[Exercise details]
Below are records to retype exactly, except for the pictures.

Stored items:
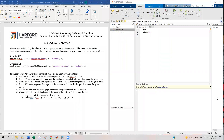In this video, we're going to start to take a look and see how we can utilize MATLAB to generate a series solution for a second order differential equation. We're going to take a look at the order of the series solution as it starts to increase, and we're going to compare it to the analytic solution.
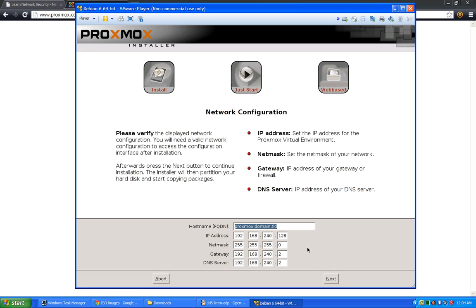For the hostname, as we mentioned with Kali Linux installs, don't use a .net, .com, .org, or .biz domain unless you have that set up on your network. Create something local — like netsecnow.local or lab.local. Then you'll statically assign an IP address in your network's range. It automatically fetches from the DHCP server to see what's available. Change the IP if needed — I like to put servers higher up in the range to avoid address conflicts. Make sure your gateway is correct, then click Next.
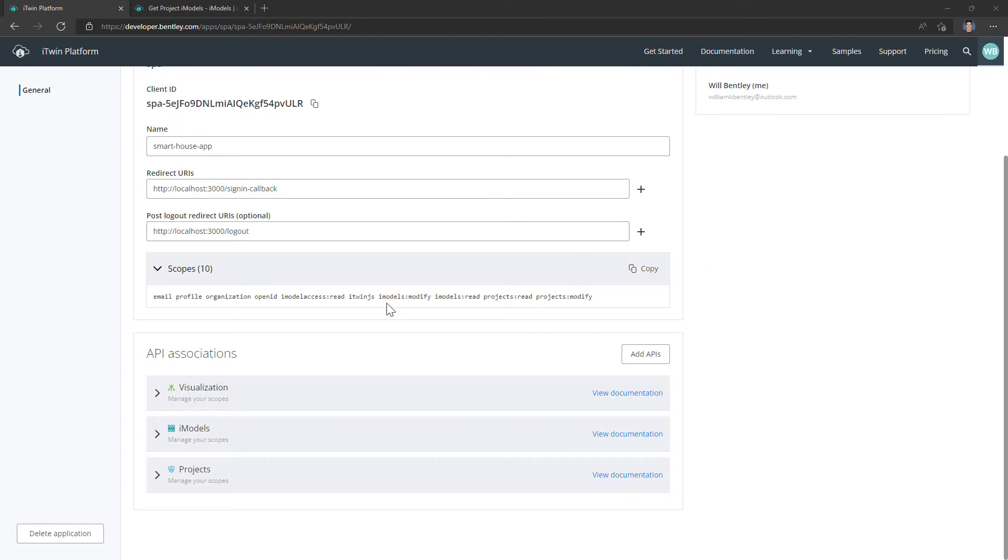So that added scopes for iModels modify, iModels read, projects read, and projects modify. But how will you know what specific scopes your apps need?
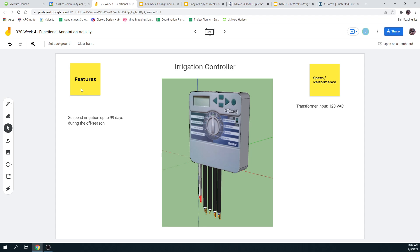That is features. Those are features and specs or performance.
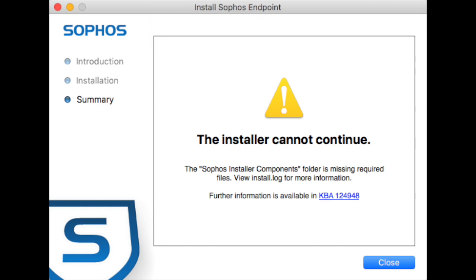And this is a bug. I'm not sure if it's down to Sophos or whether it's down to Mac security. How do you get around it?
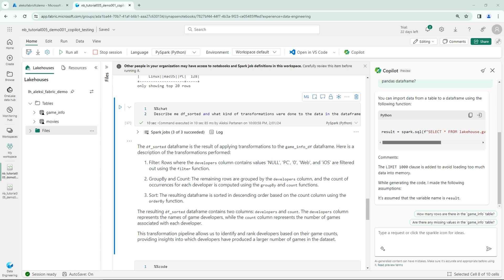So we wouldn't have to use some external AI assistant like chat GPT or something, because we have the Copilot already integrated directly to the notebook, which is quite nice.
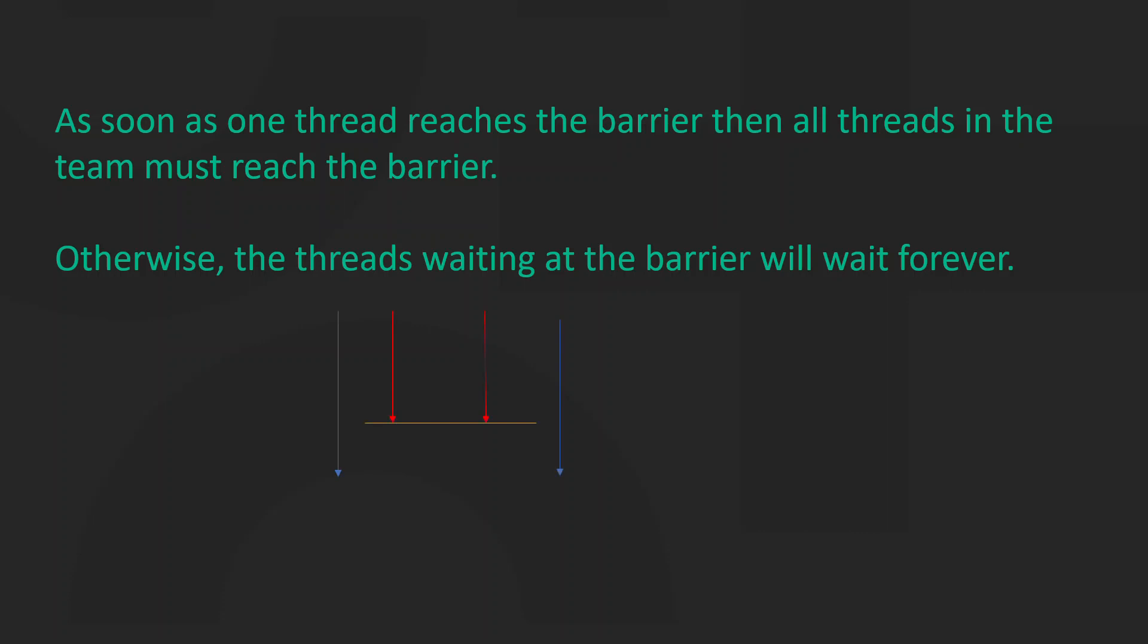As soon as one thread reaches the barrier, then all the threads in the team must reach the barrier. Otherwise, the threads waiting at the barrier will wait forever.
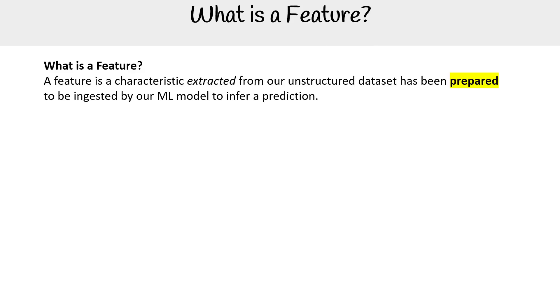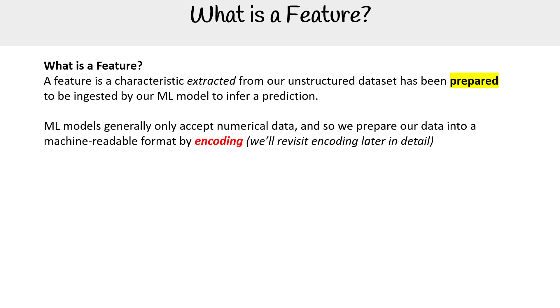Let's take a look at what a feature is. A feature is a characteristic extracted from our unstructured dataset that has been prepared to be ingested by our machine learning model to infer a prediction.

[Solution to the exercise]
In this video, we're going to start to take a look and see how we can utilize MATLAB to generate a series solution for a second order differential equation. We're going to take a look at the order of the series solution as it starts to increase, and we're going to compare it to the analytic solution.
For the hostname, as we mentioned with Kali Linux installs, don't use a .net, .com, .org, or .biz domain unless you have that set up on your network. Create something local — like netsecnow.local or lab.local. Then you'll statically assign an IP address in your network's range. It automatically fetches from the DHCP server to see what's available. Change the IP if needed — I like to put servers higher up in the range to avoid address conflicts. Make sure your gateway is correct, then click Next.
So that added scopes for iModels modify, iModels read, projects read, and projects modify. But how will you know what specific scopes your apps need?
That is features. Those are features and specs or performance.
And this is a bug. I'm not sure if it's down to Sophos or whether it's down to Mac security. How do you get around it?
So we wouldn't have to use some external AI assistant like chat GPT or something, because we have the Copilot already integrated directly to the notebook, which is quite nice.
As soon as one thread reaches the barrier, then all the threads in the team must reach the barrier. Otherwise, the threads waiting at the barrier will wait forever.
Let's take a look at what a feature is. A feature is a characteristic extracted from our unstructured dataset that has been prepared to be ingested by our machine learning model to infer a prediction.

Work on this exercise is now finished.